_TASK STATEMENT_.
Each record, minus any picture, should be returned exactly as written.

★ ★ ★

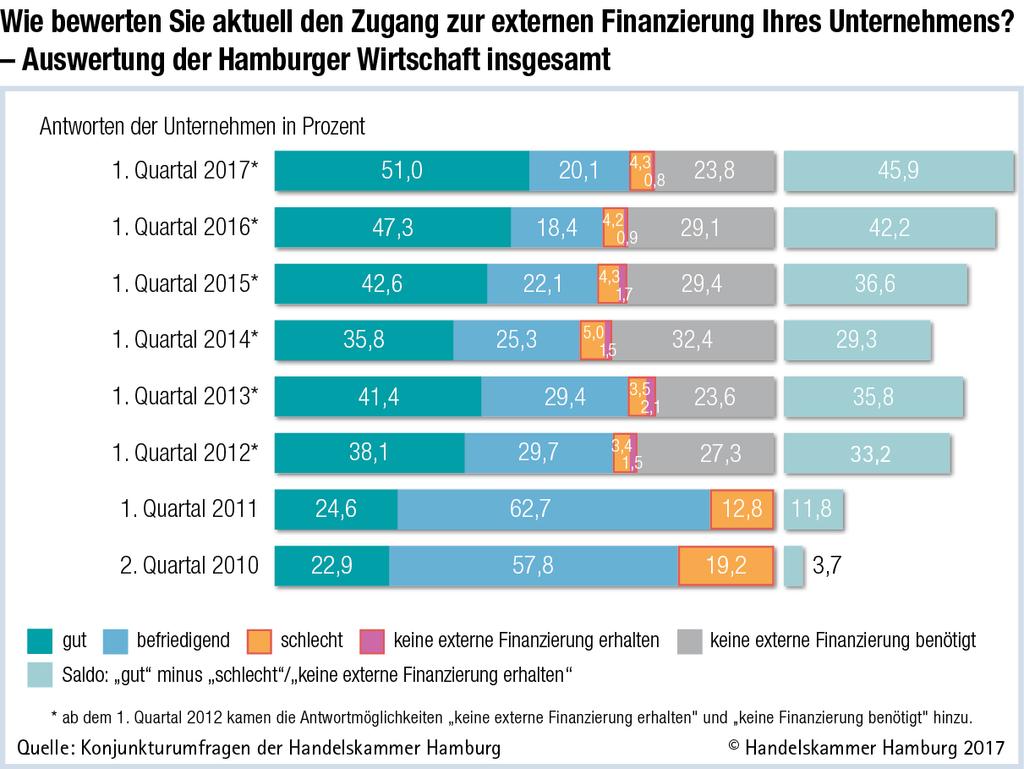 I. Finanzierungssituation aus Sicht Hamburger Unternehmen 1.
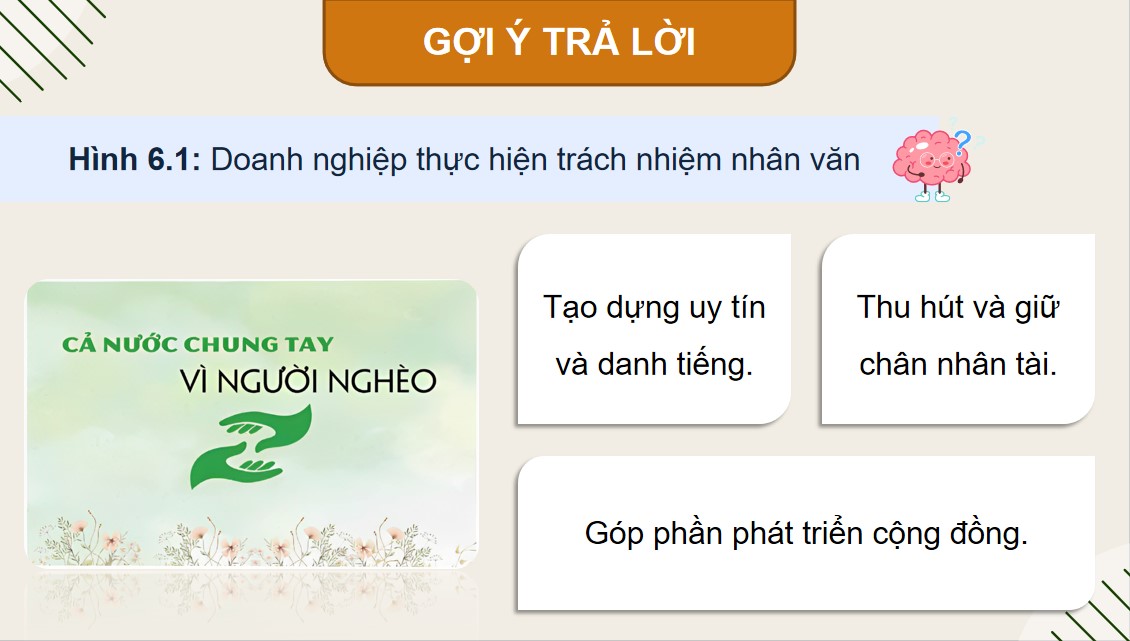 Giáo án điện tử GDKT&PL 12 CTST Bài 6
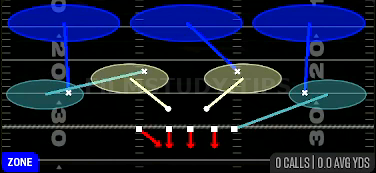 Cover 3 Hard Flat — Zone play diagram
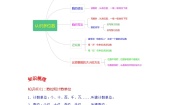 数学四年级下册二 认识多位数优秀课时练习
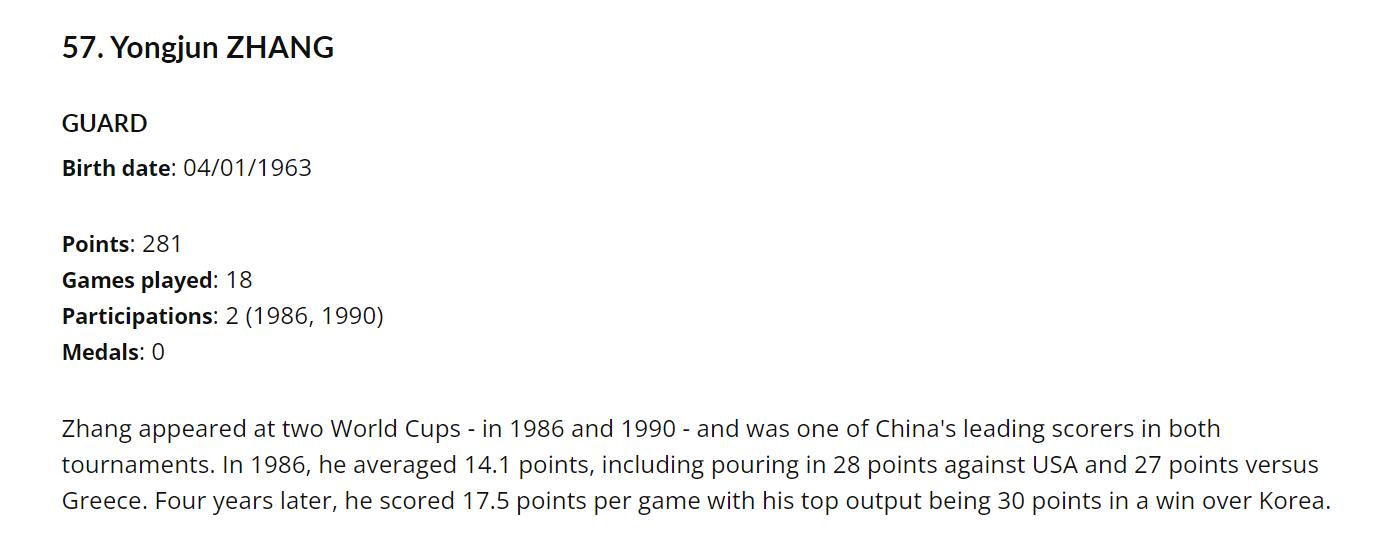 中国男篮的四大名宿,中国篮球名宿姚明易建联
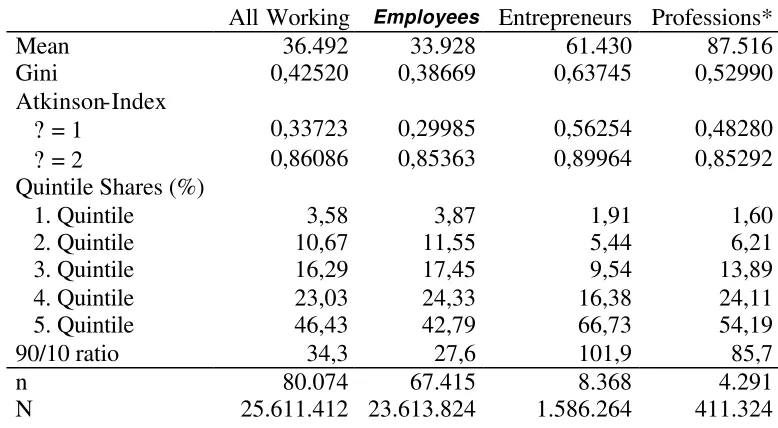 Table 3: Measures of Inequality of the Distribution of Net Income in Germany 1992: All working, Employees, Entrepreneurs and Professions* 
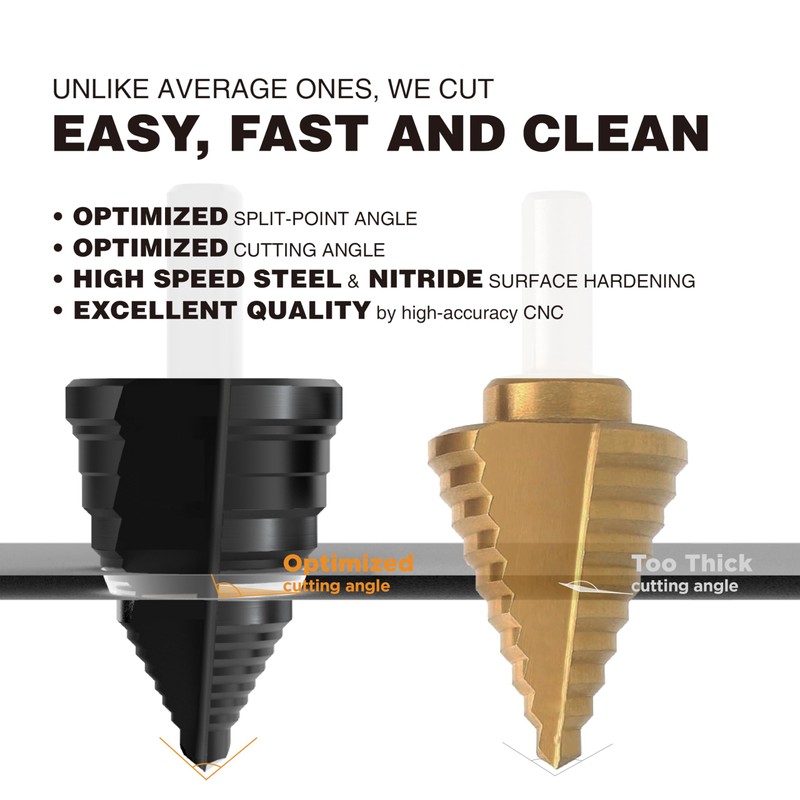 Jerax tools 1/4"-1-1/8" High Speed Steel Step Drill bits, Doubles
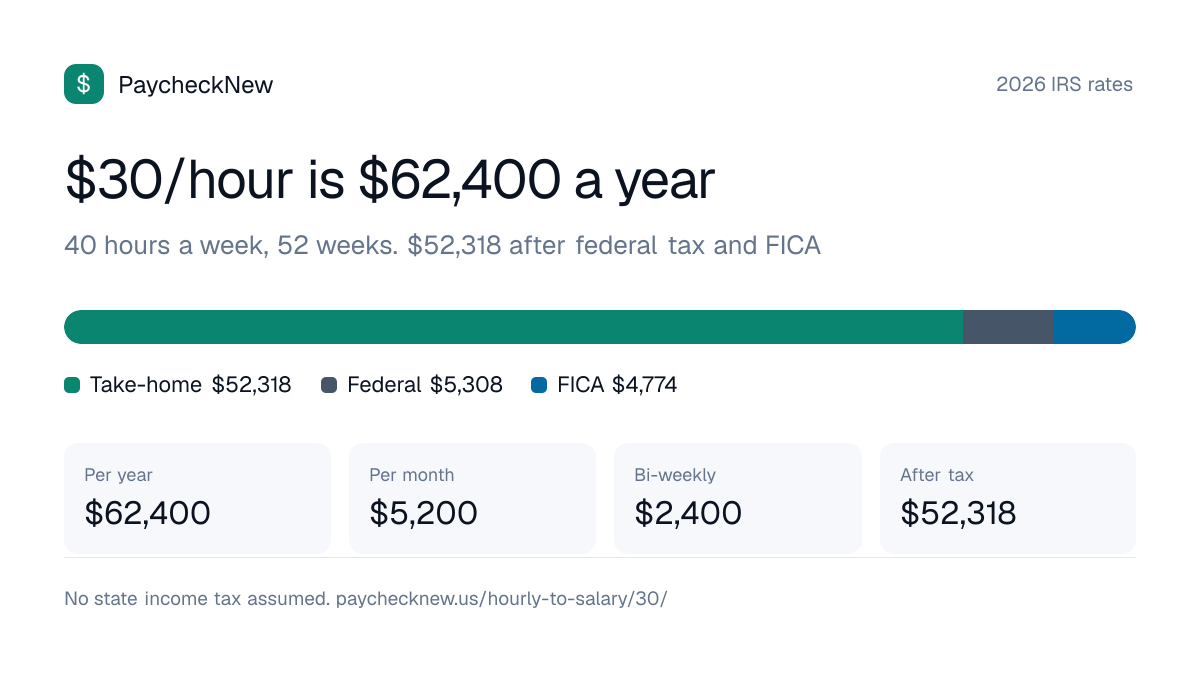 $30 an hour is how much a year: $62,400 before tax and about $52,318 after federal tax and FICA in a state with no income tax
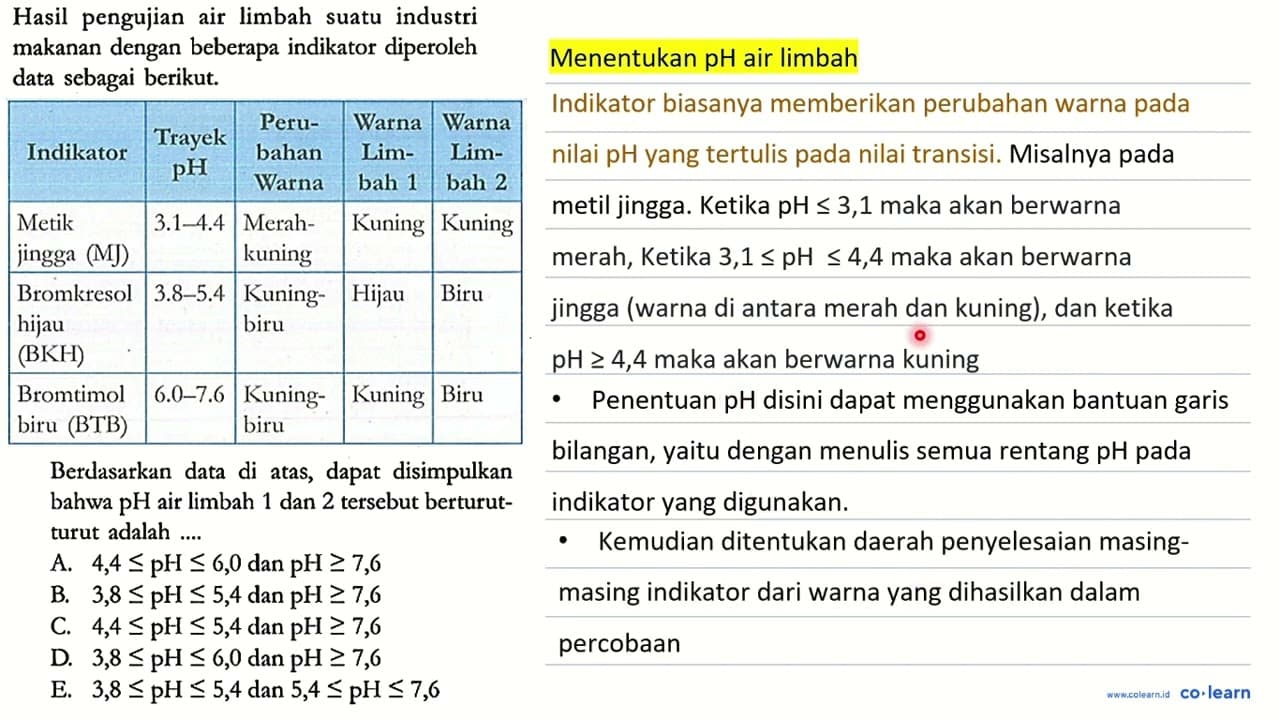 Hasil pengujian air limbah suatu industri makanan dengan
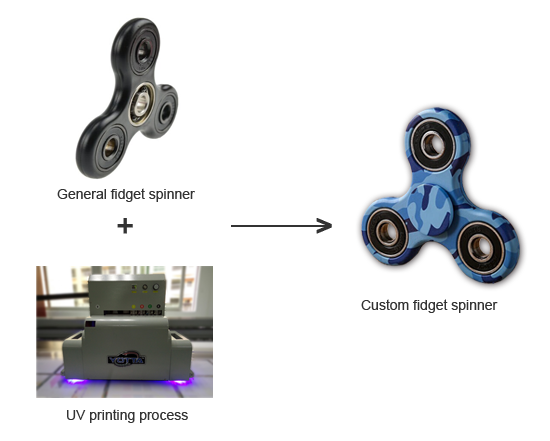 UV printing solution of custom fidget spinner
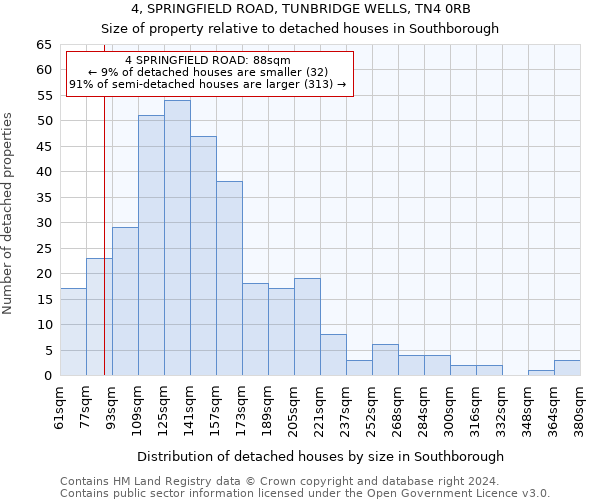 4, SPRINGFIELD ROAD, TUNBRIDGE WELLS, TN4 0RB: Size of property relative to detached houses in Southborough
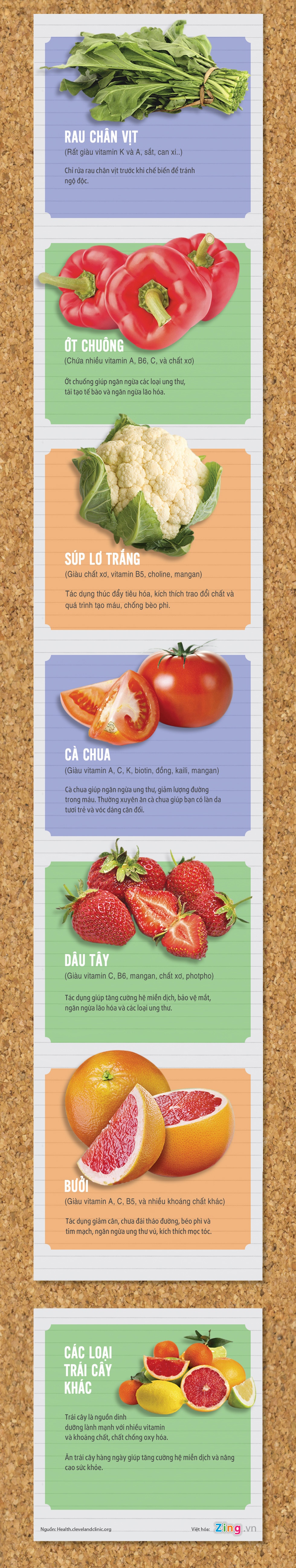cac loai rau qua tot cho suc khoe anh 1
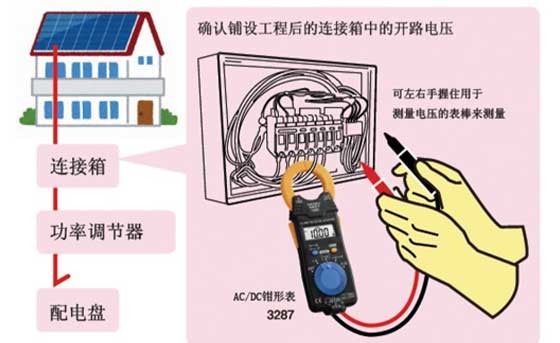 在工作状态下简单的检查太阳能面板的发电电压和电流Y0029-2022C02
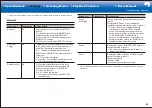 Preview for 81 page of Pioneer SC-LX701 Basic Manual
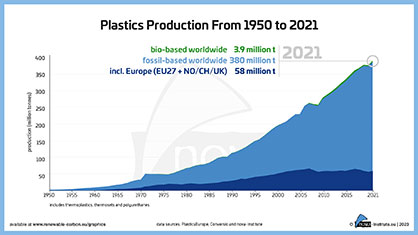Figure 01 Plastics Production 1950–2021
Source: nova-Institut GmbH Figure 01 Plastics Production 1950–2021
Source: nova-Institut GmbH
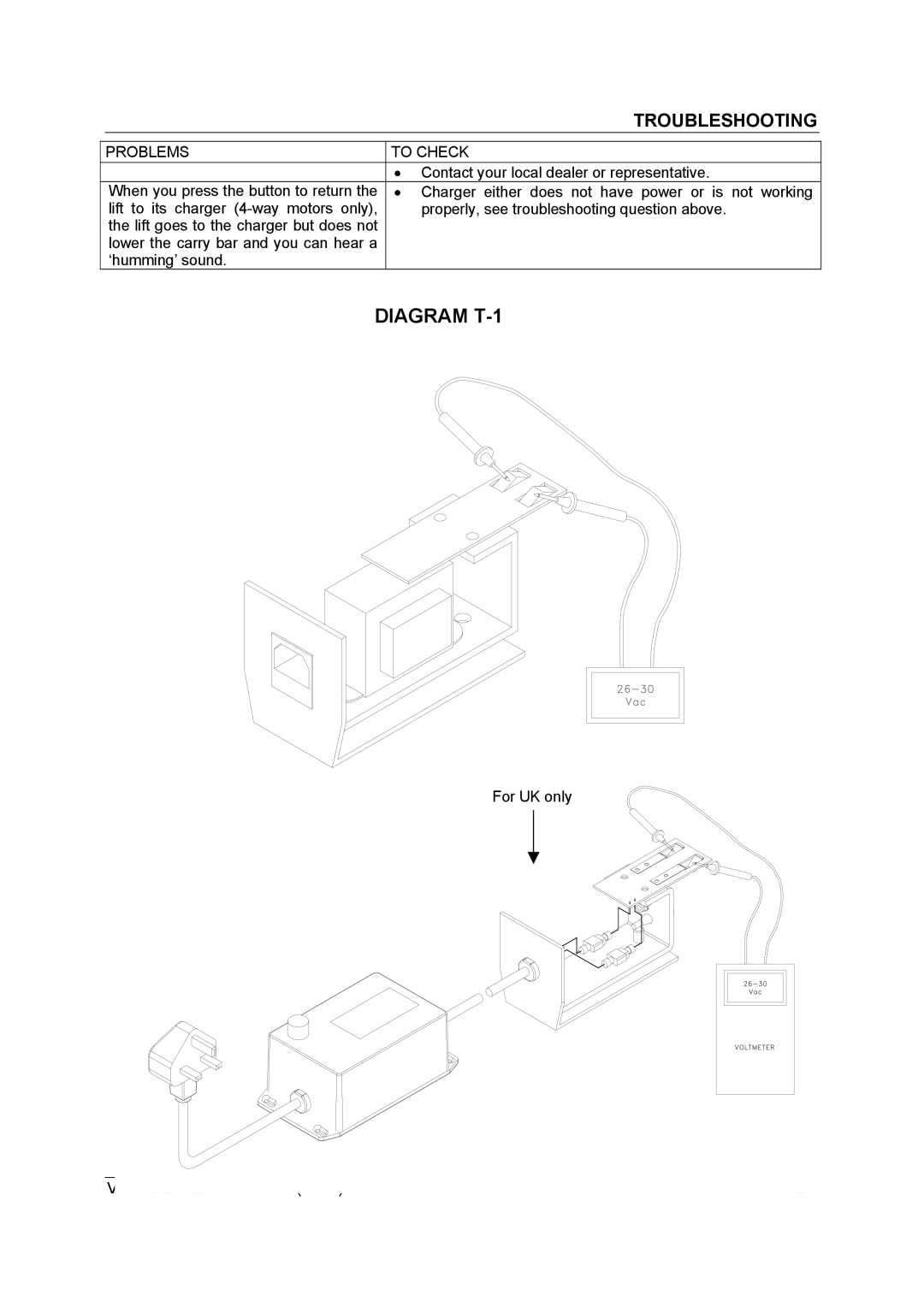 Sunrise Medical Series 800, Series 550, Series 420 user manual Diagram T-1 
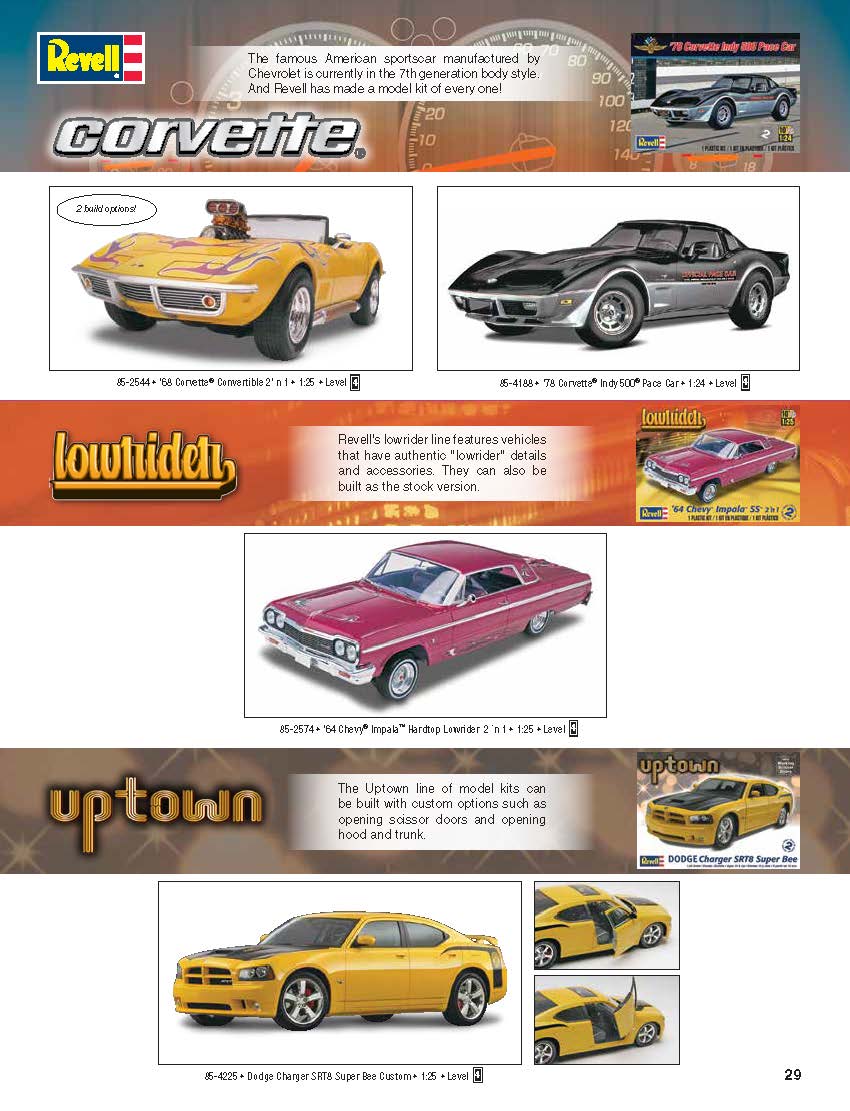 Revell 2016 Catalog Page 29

★ ★ ★

_OUTPUT FOR THIS EXERCISE_.
 I. Finanzierungssituation aus Sicht Hamburger Unternehmen 1.
 Giáo án điện tử GDKT&PL 12 CTST Bài 6
 Cover 3 Hard Flat — Zone play diagram
 数学四年级下册二 认识多位数优秀课时练习
 中国男篮的四大名宿,中国篮球名宿姚明易建联
 Table 3: Measures of Inequality of the Distribution of Net Income in Germany 1992: All working, Employees, Entrepreneurs and Professions* 
 Jerax tools 1/4"-1-1/8" High Speed Steel Step Drill bits, Doubles
 $30 an hour is how much a year: $62,400 before tax and about $52,318 after federal tax and FICA in a state with no income tax
 Hasil pengujian air limbah suatu industri makanan dengan
 UV printing solution of custom fidget spinner
 4, SPRINGFIELD ROAD, TUNBRIDGE WELLS, TN4 0RB: Size of property relative to detached houses in Southborough
cac loai rau qua tot cho suc khoe anh 1
 在工作状态下简单的检查太阳能面板的发电电压和电流Y0029-2022C02
 Preview for 81 page of Pioneer SC-LX701 Basic Manual
Figure 01 Plastics Production 1950–2021
Source: nova-Institut GmbH Figure 01 Plastics Production 1950–2021
Source: nova-Institut GmbH
 Sunrise Medical Series 800, Series 550, Series 420 user manual Diagram T-1 
 Revell 2016 Catalog Page 29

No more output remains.